> PROBLEM STATEMENT: Write out all of the data again, precisely as it appears.
======
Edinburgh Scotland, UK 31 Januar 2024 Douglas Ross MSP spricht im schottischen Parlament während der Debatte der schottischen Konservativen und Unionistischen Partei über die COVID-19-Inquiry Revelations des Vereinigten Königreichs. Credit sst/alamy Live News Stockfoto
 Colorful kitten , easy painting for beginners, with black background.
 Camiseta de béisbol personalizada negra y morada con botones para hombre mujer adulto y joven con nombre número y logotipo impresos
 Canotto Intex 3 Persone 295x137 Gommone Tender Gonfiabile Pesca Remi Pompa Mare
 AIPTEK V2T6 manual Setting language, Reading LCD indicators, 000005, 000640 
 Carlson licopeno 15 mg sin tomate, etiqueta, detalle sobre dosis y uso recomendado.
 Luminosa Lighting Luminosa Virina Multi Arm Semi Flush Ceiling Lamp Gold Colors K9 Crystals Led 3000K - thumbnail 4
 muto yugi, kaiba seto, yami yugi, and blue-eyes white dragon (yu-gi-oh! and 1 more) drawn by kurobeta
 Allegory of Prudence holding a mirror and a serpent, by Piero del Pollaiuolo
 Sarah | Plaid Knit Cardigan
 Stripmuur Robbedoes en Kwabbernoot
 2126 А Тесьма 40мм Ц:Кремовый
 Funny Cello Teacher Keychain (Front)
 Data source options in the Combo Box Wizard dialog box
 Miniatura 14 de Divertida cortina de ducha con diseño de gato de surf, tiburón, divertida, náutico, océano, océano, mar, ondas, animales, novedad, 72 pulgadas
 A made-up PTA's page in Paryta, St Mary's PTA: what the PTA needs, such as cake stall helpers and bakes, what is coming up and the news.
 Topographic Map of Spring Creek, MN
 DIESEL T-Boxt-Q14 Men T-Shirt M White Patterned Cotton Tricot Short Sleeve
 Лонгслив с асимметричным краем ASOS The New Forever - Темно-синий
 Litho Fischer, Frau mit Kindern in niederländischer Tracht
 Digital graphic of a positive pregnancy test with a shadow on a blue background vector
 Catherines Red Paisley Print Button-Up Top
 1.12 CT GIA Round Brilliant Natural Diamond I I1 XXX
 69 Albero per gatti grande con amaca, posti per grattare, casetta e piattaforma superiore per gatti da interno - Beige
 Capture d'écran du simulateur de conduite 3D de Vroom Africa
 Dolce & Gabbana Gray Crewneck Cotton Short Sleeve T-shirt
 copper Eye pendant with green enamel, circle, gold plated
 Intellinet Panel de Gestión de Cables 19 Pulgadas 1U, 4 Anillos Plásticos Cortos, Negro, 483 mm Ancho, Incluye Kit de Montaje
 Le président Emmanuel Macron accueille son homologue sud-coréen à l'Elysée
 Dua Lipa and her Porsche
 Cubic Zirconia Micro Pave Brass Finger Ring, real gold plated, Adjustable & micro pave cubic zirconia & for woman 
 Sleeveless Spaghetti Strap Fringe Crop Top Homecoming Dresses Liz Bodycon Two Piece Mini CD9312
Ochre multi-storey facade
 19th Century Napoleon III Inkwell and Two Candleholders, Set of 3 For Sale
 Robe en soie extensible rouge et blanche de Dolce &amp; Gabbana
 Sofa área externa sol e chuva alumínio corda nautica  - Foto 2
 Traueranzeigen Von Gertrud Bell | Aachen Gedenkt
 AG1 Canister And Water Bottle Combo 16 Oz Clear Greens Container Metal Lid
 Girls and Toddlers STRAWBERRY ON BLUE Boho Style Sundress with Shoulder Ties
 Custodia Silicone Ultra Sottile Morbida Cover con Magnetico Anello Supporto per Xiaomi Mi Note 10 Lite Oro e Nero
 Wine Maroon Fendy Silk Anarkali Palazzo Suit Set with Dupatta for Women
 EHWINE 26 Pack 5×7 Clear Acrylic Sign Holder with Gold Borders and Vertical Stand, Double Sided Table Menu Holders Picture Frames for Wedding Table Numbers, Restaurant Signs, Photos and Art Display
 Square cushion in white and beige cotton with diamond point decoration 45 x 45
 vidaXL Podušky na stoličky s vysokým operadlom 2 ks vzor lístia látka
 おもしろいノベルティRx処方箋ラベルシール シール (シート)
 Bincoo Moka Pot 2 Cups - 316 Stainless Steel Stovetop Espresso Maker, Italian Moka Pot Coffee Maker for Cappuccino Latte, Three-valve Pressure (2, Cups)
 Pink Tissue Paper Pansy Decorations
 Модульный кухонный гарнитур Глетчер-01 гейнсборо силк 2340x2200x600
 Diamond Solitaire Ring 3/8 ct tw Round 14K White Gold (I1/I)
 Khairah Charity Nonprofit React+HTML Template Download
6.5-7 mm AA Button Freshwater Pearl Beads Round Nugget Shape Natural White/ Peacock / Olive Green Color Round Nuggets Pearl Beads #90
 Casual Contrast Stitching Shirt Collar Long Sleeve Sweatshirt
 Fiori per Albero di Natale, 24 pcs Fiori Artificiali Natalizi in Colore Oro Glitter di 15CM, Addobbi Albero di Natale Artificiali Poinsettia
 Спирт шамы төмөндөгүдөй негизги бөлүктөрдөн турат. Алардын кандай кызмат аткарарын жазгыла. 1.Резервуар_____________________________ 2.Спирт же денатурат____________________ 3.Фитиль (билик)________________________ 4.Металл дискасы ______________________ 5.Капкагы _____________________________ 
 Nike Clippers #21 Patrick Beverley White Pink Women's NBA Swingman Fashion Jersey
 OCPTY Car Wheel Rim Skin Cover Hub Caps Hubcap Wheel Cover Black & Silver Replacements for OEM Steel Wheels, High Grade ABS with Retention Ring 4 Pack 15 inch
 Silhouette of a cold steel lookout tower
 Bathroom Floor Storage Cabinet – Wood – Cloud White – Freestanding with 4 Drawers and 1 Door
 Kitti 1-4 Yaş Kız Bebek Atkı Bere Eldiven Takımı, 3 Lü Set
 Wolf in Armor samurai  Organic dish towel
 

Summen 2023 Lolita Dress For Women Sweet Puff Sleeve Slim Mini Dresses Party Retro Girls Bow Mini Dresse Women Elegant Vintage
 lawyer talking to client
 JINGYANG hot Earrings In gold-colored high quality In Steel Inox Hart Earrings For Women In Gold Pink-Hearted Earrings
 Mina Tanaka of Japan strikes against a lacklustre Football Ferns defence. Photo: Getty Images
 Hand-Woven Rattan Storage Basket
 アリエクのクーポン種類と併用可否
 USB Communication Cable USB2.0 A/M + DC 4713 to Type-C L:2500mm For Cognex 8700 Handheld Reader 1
======
> OUTPUT:
Edinburgh Scotland, UK 31 Januar 2024 Douglas Ross MSP spricht im schottischen Parlament während der Debatte der schottischen Konservativen und Unionistischen Partei über die COVID-19-Inquiry Revelations des Vereinigten Königreichs. Credit sst/alamy Live News Stockfoto
 Colorful kitten , easy painting for beginners, with black background.
 Camiseta de béisbol personalizada negra y morada con botones para hombre mujer adulto y joven con nombre número y logotipo impresos
 Canotto Intex 3 Persone 295x137 Gommone Tender Gonfiabile Pesca Remi Pompa Mare
 AIPTEK V2T6 manual Setting language, Reading LCD indicators, 000005, 000640 
 Carlson licopeno 15 mg sin tomate, etiqueta, detalle sobre dosis y uso recomendado.
 Luminosa Lighting Luminosa Virina Multi Arm Semi Flush Ceiling Lamp Gold Colors K9 Crystals Led 3000K - thumbnail 4
 muto yugi, kaiba seto, yami yugi, and blue-eyes white dragon (yu-gi-oh! and 1 more) drawn by kurobeta
 Allegory of Prudence holding a mirror and a serpent, by Piero del Pollaiuolo
 Sarah | Plaid Knit Cardigan
 Stripmuur Robbedoes en Kwabbernoot
 2126 А Тесьма 40мм Ц:Кремовый
 Funny Cello Teacher Keychain (Front)
 Data source options in the Combo Box Wizard dialog box
 Miniatura 14 de Divertida cortina de ducha con diseño de gato de surf, tiburón, divertida, náutico, océano, océano, mar, ondas, animales, novedad, 72 pulgadas
 A made-up PTA's page in Paryta, St Mary's PTA: what the PTA needs, such as cake stall helpers and bakes, what is coming up and the news.
 Topographic Map of Spring Creek, MN
 DIESEL T-Boxt-Q14 Men T-Shirt M White Patterned Cotton Tricot Short Sleeve
 Лонгслив с асимметричным краем ASOS The New Forever - Темно-синий
 Litho Fischer, Frau mit Kindern in niederländischer Tracht
 Digital graphic of a positive pregnancy test with a shadow on a blue background vector
 Catherines Red Paisley Print Button-Up Top
 1.12 CT GIA Round Brilliant Natural Diamond I I1 XXX
 69 Albero per gatti grande con amaca, posti per grattare, casetta e piattaforma superiore per gatti da interno - Beige
 Capture d'écran du simulateur de conduite 3D de Vroom Africa
 Dolce & Gabbana Gray Crewneck Cotton Short Sleeve T-shirt
 copper Eye pendant with green enamel, circle, gold plated
 Intellinet Panel de Gestión de Cables 19 Pulgadas 1U, 4 Anillos Plásticos Cortos, Negro, 483 mm Ancho, Incluye Kit de Montaje
 Le président Emmanuel Macron accueille son homologue sud-coréen à l'Elysée
 Dua Lipa and her Porsche
 Cubic Zirconia Micro Pave Brass Finger Ring, real gold plated, Adjustable & micro pave cubic zirconia & for woman 
 Sleeveless Spaghetti Strap Fringe Crop Top Homecoming Dresses Liz Bodycon Two Piece Mini CD9312
Ochre multi-storey facade
 19th Century Napoleon III Inkwell and Two Candleholders, Set of 3 For Sale
 Robe en soie extensible rouge et blanche de Dolce &amp; Gabbana
 Sofa área externa sol e chuva alumínio corda nautica  - Foto 2
 Traueranzeigen Von Gertrud Bell | Aachen Gedenkt
 AG1 Canister And Water Bottle Combo 16 Oz Clear Greens Container Metal Lid
 Girls and Toddlers STRAWBERRY ON BLUE Boho Style Sundress with Shoulder Ties
 Custodia Silicone Ultra Sottile Morbida Cover con Magnetico Anello Supporto per Xiaomi Mi Note 10 Lite Oro e Nero
 Wine Maroon Fendy Silk Anarkali Palazzo Suit Set with Dupatta for Women
 EHWINE 26 Pack 5×7 Clear Acrylic Sign Holder with Gold Borders and Vertical Stand, Double Sided Table Menu Holders Picture Frames for Wedding Table Numbers, Restaurant Signs, Photos and Art Display
 Square cushion in white and beige cotton with diamond point decoration 45 x 45
 vidaXL Podušky na stoličky s vysokým operadlom 2 ks vzor lístia látka
 おもしろいノベルティRx処方箋ラベルシール シール (シート)
 Bincoo Moka Pot 2 Cups - 316 Stainless Steel Stovetop Espresso Maker, Italian Moka Pot Coffee Maker for Cappuccino Latte, Three-valve Pressure (2, Cups)
 Pink Tissue Paper Pansy Decorations
 Модульный кухонный гарнитур Глетчер-01 гейнсборо силк 2340x2200x600
 Diamond Solitaire Ring 3/8 ct tw Round 14K White Gold (I1/I)
 Khairah Charity Nonprofit React+HTML Template Download
6.5-7 mm AA Button Freshwater Pearl Beads Round Nugget Shape Natural White/ Peacock / Olive Green Color Round Nuggets Pearl Beads #90
 Casual Contrast Stitching Shirt Collar Long Sleeve Sweatshirt
 Fiori per Albero di Natale, 24 pcs Fiori Artificiali Natalizi in Colore Oro Glitter di 15CM, Addobbi Albero di Natale Artificiali Poinsettia
 Спирт шамы төмөндөгүдөй негизги бөлүктөрдөн турат. Алардын кандай кызмат аткарарын жазгыла. 1.Резервуар_____________________________ 2.Спирт же денатурат____________________ 3.Фитиль (билик)________________________ 4.Металл дискасы ______________________ 5.Капкагы _____________________________ 
 Nike Clippers #21 Patrick Beverley White Pink Women's NBA Swingman Fashion Jersey
 OCPTY Car Wheel Rim Skin Cover Hub Caps Hubcap Wheel Cover Black & Silver Replacements for OEM Steel Wheels, High Grade ABS with Retention Ring 4 Pack 15 inch
 Silhouette of a cold steel lookout tower
 Bathroom Floor Storage Cabinet – Wood – Cloud White – Freestanding with 4 Drawers and 1 Door
 Kitti 1-4 Yaş Kız Bebek Atkı Bere Eldiven Takımı, 3 Lü Set
 Wolf in Armor samurai  Organic dish towel
 

Summen 2023 Lolita Dress For Women Sweet Puff Sleeve Slim Mini Dresses Party Retro Girls Bow Mini Dresse Women Elegant Vintage
 lawyer talking to client
 JINGYANG hot Earrings In gold-colored high quality In Steel Inox Hart Earrings For Women In Gold Pink-Hearted Earrings
 Mina Tanaka of Japan strikes against a lacklustre Football Ferns defence. Photo: Getty Images
 Hand-Woven Rattan Storage Basket
 アリエクのクーポン種類と併用可否
 USB Communication Cable USB2.0 A/M + DC 4713 to Type-C L:2500mm For Cognex 8700 Handheld Reader 1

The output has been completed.